For me, the moment of high drama came when a voter Kerry Ladka asked a question pertaining to Libya. Instead of making the effective case that the public handling by the Obama Administration of the deaths of four Americans at the Benghazi consulate was inadequate and troubling, Governor Romney lost the debate. An argument that could have effectively teed up the Republican contender’s argument against the Obama administration’s foreign policy became a moment for the President to turn a weakness into strength.

The moment had nothing to do with policy. After all, Governor Romney had a point; the White House did mishandle the Benghazi tragedy publicly, even allowing UN Ambassador Susan Rice to deny that the event was a terrorist attack on Meet the Press.

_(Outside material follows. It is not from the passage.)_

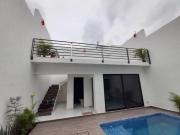 CASA CON ALBERCA EN ZONA COLEGIOS Y UBICACIÓN PRIVILEGIADA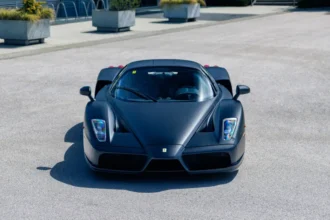 Ferrari Enzo com pintura preta fosca Matte Nero Opaco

The brilliance in the moment was President Obama, as cool as a cucumber, saying “Please precede Governor,” allowing his political opponent to get bogged down in a semantic swamp and getting fact checked in real time by a very quick Candy Crowley. Of course, there was the infamous moment in which the President let the Governor know he was the guy in charged.

The optics could not have been worse for the Republican challenger. As Governor Romney sat with an uncomfortable grin like a school boy being scolded, the president, channeling Michael Douglass’s character in The American President, looked determined, mad and righteously indignant as he lectured him on how to be Leader of the Armed Forces.

There were a lot of other memorable moments. The infamous “binders of women” comment is getting plenty of attention on social media. There was also the bizarre shouting match over whose pension had the most Chinese investments. However there are some moments that just become a part of presidential debate lore. Not because those moments are about good policy, but because those moments provide good optics for the eventual winner of the debate.

After all, debates have never, and will never be about policy. For continuing the tradition, I tip my hat to the “winner” of the debate, the President of the United States.